# Data for processing
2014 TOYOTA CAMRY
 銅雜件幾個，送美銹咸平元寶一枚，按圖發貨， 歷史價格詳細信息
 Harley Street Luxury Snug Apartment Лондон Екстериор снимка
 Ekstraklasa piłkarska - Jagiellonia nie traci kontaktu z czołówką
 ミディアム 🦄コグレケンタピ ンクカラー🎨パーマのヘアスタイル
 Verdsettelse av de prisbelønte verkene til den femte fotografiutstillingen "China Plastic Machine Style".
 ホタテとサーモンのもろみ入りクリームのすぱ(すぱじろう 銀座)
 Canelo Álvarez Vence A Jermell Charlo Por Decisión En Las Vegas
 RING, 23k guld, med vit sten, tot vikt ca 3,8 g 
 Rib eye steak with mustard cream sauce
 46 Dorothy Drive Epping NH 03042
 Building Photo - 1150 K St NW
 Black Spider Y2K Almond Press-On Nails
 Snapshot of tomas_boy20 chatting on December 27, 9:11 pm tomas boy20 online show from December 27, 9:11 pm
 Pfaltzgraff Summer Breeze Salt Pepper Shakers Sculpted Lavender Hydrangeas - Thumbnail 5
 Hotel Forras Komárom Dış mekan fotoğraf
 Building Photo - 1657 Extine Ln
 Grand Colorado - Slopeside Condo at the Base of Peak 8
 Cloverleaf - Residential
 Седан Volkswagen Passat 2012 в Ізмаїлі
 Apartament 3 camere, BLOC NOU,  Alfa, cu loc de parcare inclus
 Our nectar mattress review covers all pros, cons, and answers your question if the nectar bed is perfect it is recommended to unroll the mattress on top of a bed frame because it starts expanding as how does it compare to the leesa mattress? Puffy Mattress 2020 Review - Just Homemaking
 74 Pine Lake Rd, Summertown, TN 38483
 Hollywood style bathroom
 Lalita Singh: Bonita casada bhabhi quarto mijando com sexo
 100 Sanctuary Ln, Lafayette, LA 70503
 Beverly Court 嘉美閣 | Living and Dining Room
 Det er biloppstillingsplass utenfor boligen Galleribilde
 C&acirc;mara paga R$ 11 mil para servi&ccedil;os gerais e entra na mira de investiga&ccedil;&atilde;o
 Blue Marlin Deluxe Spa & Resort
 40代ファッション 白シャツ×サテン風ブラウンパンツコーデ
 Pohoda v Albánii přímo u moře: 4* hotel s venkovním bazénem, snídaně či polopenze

# Task details
From the first line of the listing above to the line with "Beverly Court 嘉美閣 | Living and Dining Room", please transcribe each line exactly, both ends included, and nothing beyond that.

# Result below
2014 TOYOTA CAMRY
 銅雜件幾個，送美銹咸平元寶一枚，按圖發貨， 歷史價格詳細信息
 Harley Street Luxury Snug Apartment Лондон Екстериор снимка
 Ekstraklasa piłkarska - Jagiellonia nie traci kontaktu z czołówką
 ミディアム 🦄コグレケンタピ ンクカラー🎨パーマのヘアスタイル
 Verdsettelse av de prisbelønte verkene til den femte fotografiutstillingen "China Plastic Machine Style".
 ホタテとサーモンのもろみ入りクリームのすぱ(すぱじろう 銀座)
 Canelo Álvarez Vence A Jermell Charlo Por Decisión En Las Vegas
 RING, 23k guld, med vit sten, tot vikt ca 3,8 g 
 Rib eye steak with mustard cream sauce
 46 Dorothy Drive Epping NH 03042
 Building Photo - 1150 K St NW
 Black Spider Y2K Almond Press-On Nails
 Snapshot of tomas_boy20 chatting on December 27, 9:11 pm tomas boy20 online show from December 27, 9:11 pm
 Pfaltzgraff Summer Breeze Salt Pepper Shakers Sculpted Lavender Hydrangeas - Thumbnail 5
 Hotel Forras Komárom Dış mekan fotoğraf
 Building Photo - 1657 Extine Ln
 Grand Colorado - Slopeside Condo at the Base of Peak 8
 Cloverleaf - Residential
 Седан Volkswagen Passat 2012 в Ізмаїлі
 Apartament 3 camere, BLOC NOU,  Alfa, cu loc de parcare inclus
 Our nectar mattress review covers all pros, cons, and answers your question if the nectar bed is perfect it is recommended to unroll the mattress on top of a bed frame because it starts expanding as how does it compare to the leesa mattress? Puffy Mattress 2020 Review - Just Homemaking
 74 Pine Lake Rd, Summertown, TN 38483
 Hollywood style bathroom
 Lalita Singh: Bonita casada bhabhi quarto mijando com sexo
 100 Sanctuary Ln, Lafayette, LA 70503
 Beverly Court 嘉美閣 | Living and Dining Room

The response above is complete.